1. Don’t put all your eggs in one basket. If you limit your job search to just one method, you will limit your options. Use a mix of methods.
2. No one job search method will reveal all of the jobs out there. Not every kind of job or industry is represented in every job search method. For example there are many jobs you will not find through the On-Campus Interviewing Program, and there are many jobs you will not find posted on Internet sites. If you want to maximize your options, you will need to use multiple methods. (See pros and cons of the ways to look for jobs.)
3. Start early. That means at the beginning of your final year if you’re completing your degree, and it means in fall if you’re looking for a summer internship. Some employers look for hires and recruit many months in advance of the anticipated work-start date. If you don’t start early, you can still find opportunity, but you will have missed out on some of the options.
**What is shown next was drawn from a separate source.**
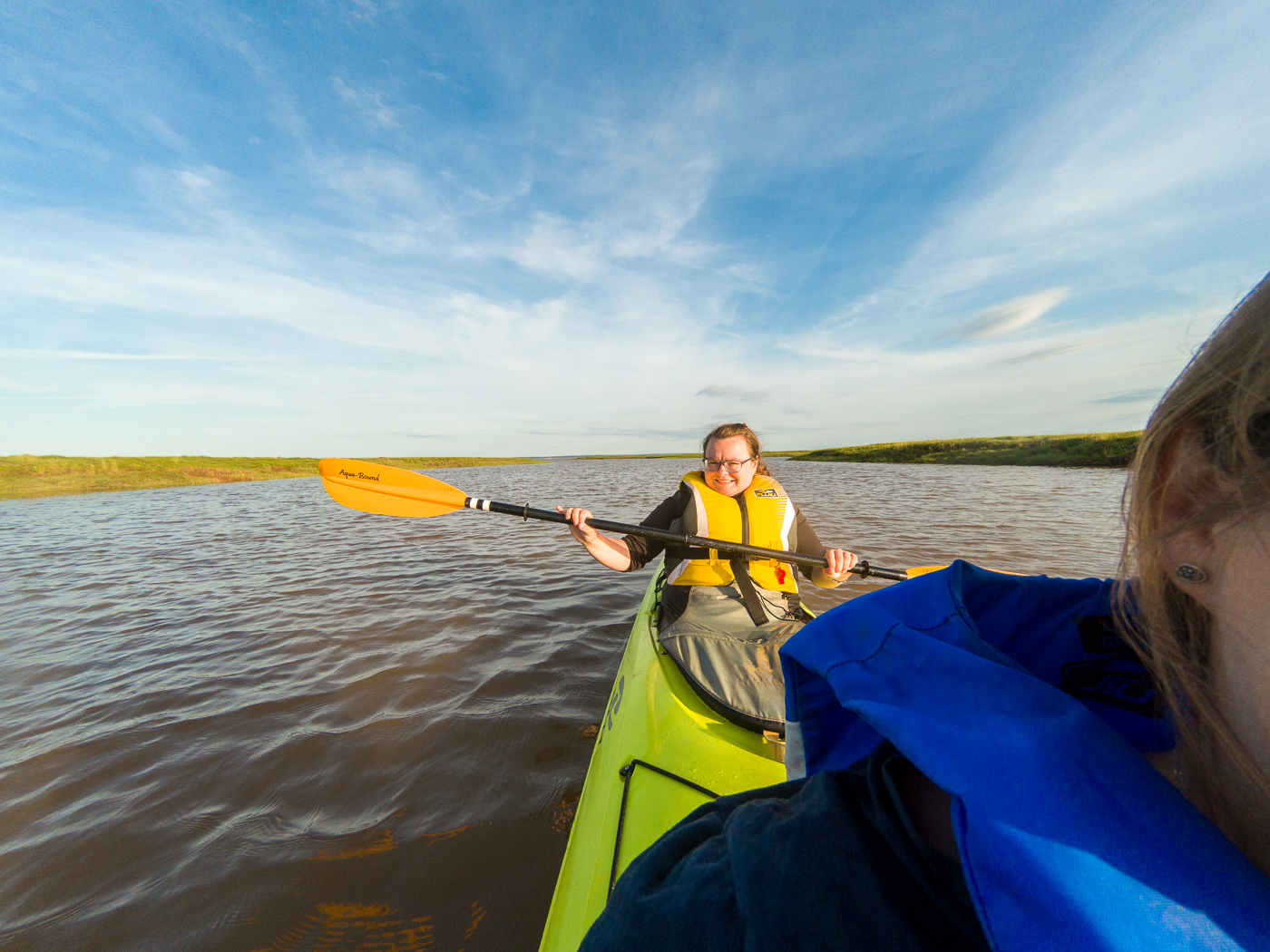 Jennifer avec pagaie à l'arrière du kayak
4. Learn how others pursuing your career field or industry have been successful. Notice the plural on “others.” Don’t limit yourself to one source. Talk to faculty in your department. Talk to students who will graduate (or have graduated) ahead of you. Talk to members of your professional associations and student chapters of professional organizations. Talk to alumni volunteers you find in VT CareerLink. See How VT Graduates Found Full-time Jobs in the Post-Graduation Report. You can see university wide statistics and statistics for your college. Use the methods that worked for past graduates (you’ll always see networking ranking high).
5. Learn to think beyond major. Some of you have a major that equals a job title. Most of you don’t. Learn to think about occupations, industries, kinds of businesses, job skills and career fields. The real world is not organized by major. (See the Monster Major-to-Career Converter to see job titles and get ideas.)
6. Don’t expect your job search to be quick and easy. A job search is hard work. Your motivation and attitude are the keys to your success. Expect to put in as much work, for two semesters, as a really tough 3-credit-hour class in which you want to get an A. It’s worth that to you.